Eglise Sainte-Trinité, Paris, au début du XXe siècle.
( Coll. D.H.M. )C'est en 1853, à l’âge de 16 ans, qu'Alexandre est nommé organiste de l'église St-.Joseph de Boulogne-sur-Mer, et en 1857 maître de chapelle de St-Nicolas, où son père est organiste, Il poursuit en même temps de sérieuses études d'harmonie, contrepoint et fugue auprès de Gustave Carulli, le fils du célèbre guitariste Ferdinand Carulli (1770-1841). En 1860, ses études musicales achevées, au cours d'un séjour à Paris avec son père il a l'occasion d'entendre le célèbre organiste belge Jacques Lemmens. Notre jeune homme est si frappé par la technique et la virtuosité de ce maître, dépositaire authentique de la tradition de Bach, qu'il décide de parfaire ses études musicales et part pour Bruxelles où Lemmens enseigne au Conservatoire. C'est auprès de ce maître qu'il acquit cette technique rationnelle et cette virtuosité de premier ordre qui le rendront le brillant musicien que l'on sait.
Entre temps, toujours domicilié chez ses père et mère à Boulogne-sur-Mer, il épouse à Paris, le 19 septembre 1865, Louise Blériot, originaire également de Boulogne-sur-Mer, mais résidant à Paris chez ses parents, 55 Quai des Grands-Augustins. De ce mariage naîtront quatre enfants : Félix (1867-1930), Cécile (organiste, future Mme Sautereau, grand-mère de César Sautereau, né en 1913, élève d'orgue de Marcel Dupré et de composition de Roger-Ducasse au CNSMP), Pauline (future Mme Maurice Aliamet en 1892), Marie-Louise (1876-1961, mariée en 1895 à l'égyptologue Victor Loret, le fils de l'organiste et professeur d'orgue à l'Ecole Niedermeyer Clément Loret).
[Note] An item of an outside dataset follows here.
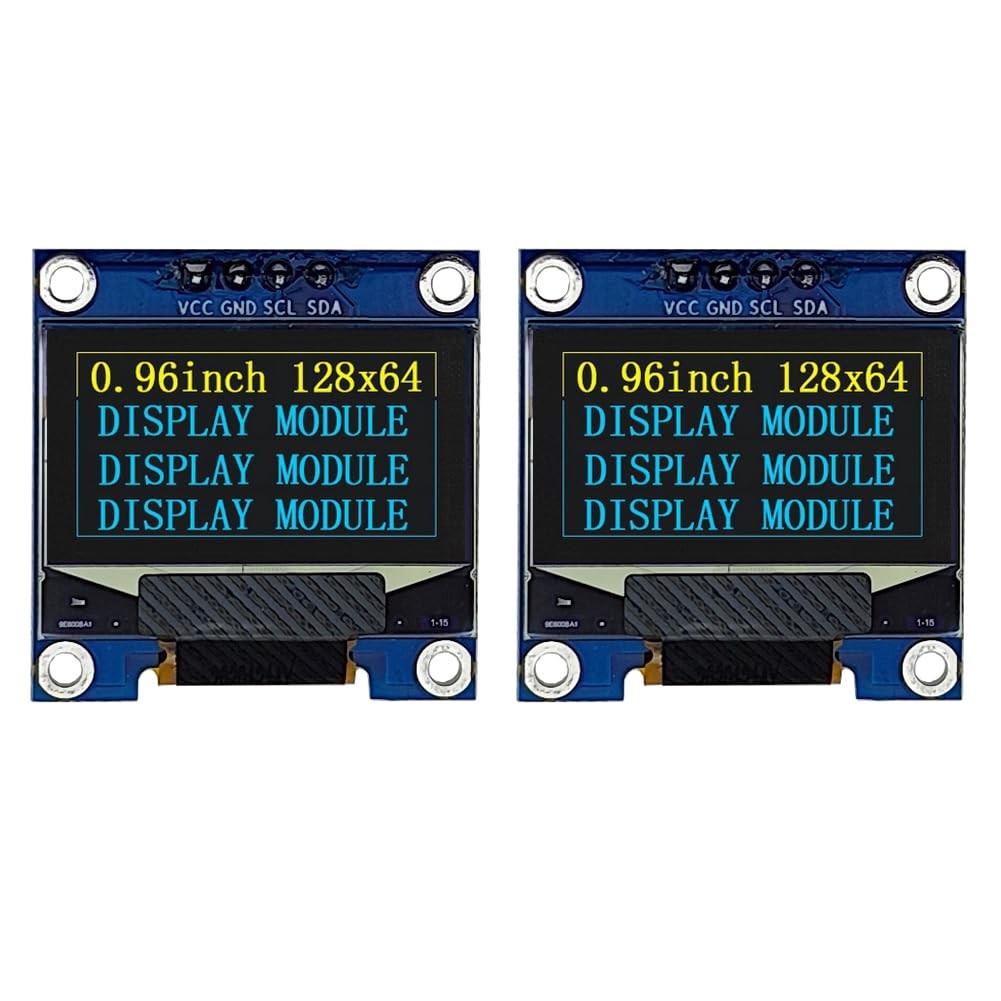 0.96″ OLED Display Module 2 Pack I2C Serial 128X64 SSD1306 LCD Yellow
Parmi les témoins qui signent l'acte de mariage on relève les noms d'Aristide Cavaillé-Coll "facteur d'orgues, chevalier de la légion d'honneur, âgé de cinquante quatre ans, demeurant rue de Vaugirard, 94" et Antoine Elvart "compositeur, âgé de cinquante six ans, demeurant, rue Laffitte, 43," tous deux "amis de l'époux".
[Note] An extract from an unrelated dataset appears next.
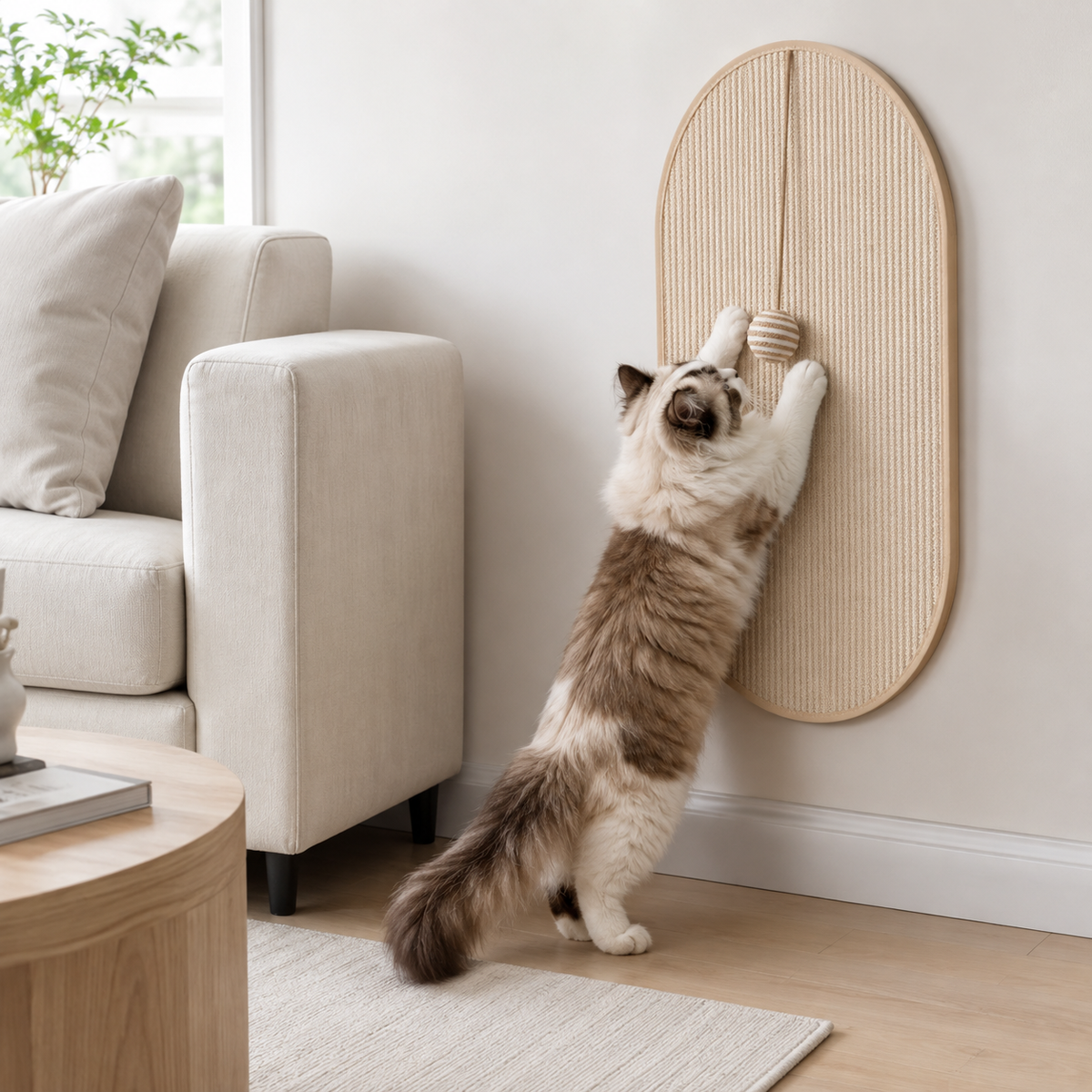 Nordspur | Scratchly Wall-Mounted Sisal Scratching Panel With Toy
En 1871 Guilmant s'installe définitivement à Paris où il vient d'être nommé titulaire du grand orgue de l’église de la Trinité et recueille ainsi la succession d’Alexis Chauvet, parti se reposer à Argentan, en Normandie. Il restera aux claviers de cet instrument Cavaillé-Coll jusque 1901, année où il fut obligé de donner sa démission à la suite d'une intrigue menée contre lui par le curé de la paroisse et un facteur d'orgue jaloux. Il avait été appelé à ce poste prestigieux car quelques années auparavant, en 1862, lors de l'inauguration des orgues de St-Sulpice, son talent de jeune organiste de province avait été remarqué !
Palais du Trocadéro (Paris) en 1934. Construit en 1878 pour l'Exposition Universelle, il a été remplacé en 1935 par l'actuel Palais de Chaillot.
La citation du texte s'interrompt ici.